Caption-style text data
● ● ●
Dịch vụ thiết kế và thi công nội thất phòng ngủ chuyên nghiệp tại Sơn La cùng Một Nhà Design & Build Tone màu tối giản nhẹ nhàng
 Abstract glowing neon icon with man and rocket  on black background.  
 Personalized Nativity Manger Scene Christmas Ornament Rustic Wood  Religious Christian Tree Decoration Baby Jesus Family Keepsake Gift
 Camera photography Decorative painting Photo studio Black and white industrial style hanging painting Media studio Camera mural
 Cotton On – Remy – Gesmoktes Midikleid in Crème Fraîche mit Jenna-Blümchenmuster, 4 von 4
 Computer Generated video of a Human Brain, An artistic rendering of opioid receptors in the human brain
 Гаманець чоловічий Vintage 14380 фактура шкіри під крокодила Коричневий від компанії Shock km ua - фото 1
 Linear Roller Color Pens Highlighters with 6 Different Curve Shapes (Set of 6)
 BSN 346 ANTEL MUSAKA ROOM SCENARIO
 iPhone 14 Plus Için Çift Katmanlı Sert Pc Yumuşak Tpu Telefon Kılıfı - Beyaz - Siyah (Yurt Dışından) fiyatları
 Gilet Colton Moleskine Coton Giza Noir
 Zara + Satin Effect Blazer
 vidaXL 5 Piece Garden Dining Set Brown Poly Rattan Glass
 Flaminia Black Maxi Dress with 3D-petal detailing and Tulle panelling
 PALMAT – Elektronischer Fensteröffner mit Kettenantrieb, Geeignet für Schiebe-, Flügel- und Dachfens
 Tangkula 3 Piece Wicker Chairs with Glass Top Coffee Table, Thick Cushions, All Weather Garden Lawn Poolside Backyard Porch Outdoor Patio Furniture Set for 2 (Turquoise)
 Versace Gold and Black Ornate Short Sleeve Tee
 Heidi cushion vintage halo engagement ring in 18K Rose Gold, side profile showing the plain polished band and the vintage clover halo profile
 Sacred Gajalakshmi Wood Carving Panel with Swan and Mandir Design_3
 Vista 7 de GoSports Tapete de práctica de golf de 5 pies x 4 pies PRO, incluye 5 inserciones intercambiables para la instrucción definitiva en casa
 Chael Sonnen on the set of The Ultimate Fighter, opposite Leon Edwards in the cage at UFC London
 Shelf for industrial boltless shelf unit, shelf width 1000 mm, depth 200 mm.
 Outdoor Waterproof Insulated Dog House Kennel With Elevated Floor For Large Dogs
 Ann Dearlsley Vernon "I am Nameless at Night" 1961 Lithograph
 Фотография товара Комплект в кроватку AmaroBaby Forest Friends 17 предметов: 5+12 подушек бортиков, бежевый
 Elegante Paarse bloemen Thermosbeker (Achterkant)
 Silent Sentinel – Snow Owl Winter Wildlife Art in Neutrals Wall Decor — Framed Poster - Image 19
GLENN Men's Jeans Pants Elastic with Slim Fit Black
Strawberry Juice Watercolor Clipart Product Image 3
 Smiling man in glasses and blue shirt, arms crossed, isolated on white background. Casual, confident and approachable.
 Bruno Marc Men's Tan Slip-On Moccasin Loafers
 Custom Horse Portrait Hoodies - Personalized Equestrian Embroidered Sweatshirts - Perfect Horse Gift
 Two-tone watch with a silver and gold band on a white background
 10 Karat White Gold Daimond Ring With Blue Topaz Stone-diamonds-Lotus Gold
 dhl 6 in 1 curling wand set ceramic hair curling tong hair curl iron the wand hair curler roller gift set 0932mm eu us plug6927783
● ● ●
TASK REQUIREMENTS
Your answer must be the data above, copied exactly from its first line through the line containing "Camera photography Decorative", and nothing more.

YOUR RESPONSE
Dịch vụ thiết kế và thi công nội thất phòng ngủ chuyên nghiệp tại Sơn La cùng Một Nhà Design & Build Tone màu tối giản nhẹ nhàng
 Abstract glowing neon icon with man and rocket  on black background.  
 Personalized Nativity Manger Scene Christmas Ornament Rustic Wood  Religious Christian Tree Decoration Baby Jesus Family Keepsake Gift
 Camera photography Decorative painting Photo studio Black and white industrial style hanging painting Media studio Camera mural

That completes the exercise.